Neil Armstrong never set foot on the moon, the attacks of Sept. 11, 2001, were planned by the Bush administration and the U.S. government is poisoning its people through airplane exhaust.
Each conspiracy theory has its own unique following in Ashland, but the one about airplane exhaust — known as chemtrails to believers and contrails to scientists — has been particularly active in town of late.
Thousands of flyers were recently placed on car windshields that read, "The entire Rogue Valley is being systematically sprayed with chemicals and pathogens without consent or oversight."
Believers say the jet trails are a nefarious plot by the government to control anything from global warming to people's health and minds.
"I think it's a weapon system," said a man who asked not to
be identified. "The purpose is to debilitate the population."
He said he first noticed the chemtrails in 1998 and does daily research on them via the Internet.
A man who identified himself as John Keris said he believes the jet trails contain heavy metal particles, used to deflect a small percentage of the sun's rays "to slow down global warming."
He suspects NATO may be responsible for them, he said, because they began in Croatia the day after the eastern European country joined the organization.
Scientists, on the other hand, disagree. Most agree that what are sometimes called chemtrails are really just contrails, the buildup of airplane exhaust in moist skies.
Jay Stockton, a meteorologist with the National Weather Service in Medford, said that airplanes, like automobiles, give off exhaust.
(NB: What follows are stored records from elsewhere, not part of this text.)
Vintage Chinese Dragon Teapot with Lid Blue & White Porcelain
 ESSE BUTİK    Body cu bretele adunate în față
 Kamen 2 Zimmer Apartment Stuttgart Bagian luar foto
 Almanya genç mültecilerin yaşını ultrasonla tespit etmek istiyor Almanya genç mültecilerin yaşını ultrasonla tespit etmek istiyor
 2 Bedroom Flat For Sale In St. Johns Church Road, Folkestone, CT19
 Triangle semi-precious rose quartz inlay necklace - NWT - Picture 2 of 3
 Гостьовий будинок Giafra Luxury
When the atmosphere contains enough moisture, that exhaust becomes visible as a long, straight cloud emanating from the airplane.
"That's pretty much all there is to it," he said. "Physically speaking, contrails are where they are supposed to be. There are always going to be the conspiracy theorists, and there is no way to convince them they are wrong."
The man who asked not to be identified said he expected a government scientist to offer such an explanation.
"They tend to spray them ahead of fronts, when we're in a high-pressure system," he said. "The debunkers say fronts have more moisture. The debunkers always say they are regular. Simple variations of relative humidity would not explain the stopping and starting of the trails."
Chemtrails first made their way into popular culture by way of Art Bell's nationally syndicated radio program, "Coast to Coast AM," a show that specialized in all things paranormal and conspiratorial.
Jeff Rense, a like-minded radio show host, once reported, "Chemtrails look like contrails initially, but are much thicker, extend across the sky and are often laid down in varying patterns of X's, tic-tac-toe grids, cross-hatched and parallel lines. Instead of quickly dissipating, chemtrails expand and drip feathers and mares' tails."
But the U.S. Air Force has responded to the alternative theory by saying, "The chemtrail hoax has been investigated and refuted by many established and accredited universities, scientific organizations, and major media publications."
They say weather and wind patterns determine how long contrails stay in the sky and a recent increase in civilian pilots can explain their increased appearances.
In 2001, chemtrails made their way to the floor of the U.S. House of Representatives in a bill, introduced by Rep. Dennis Kucinich, called the Space Preservation Act. Kucinich later struck the reference from his bill.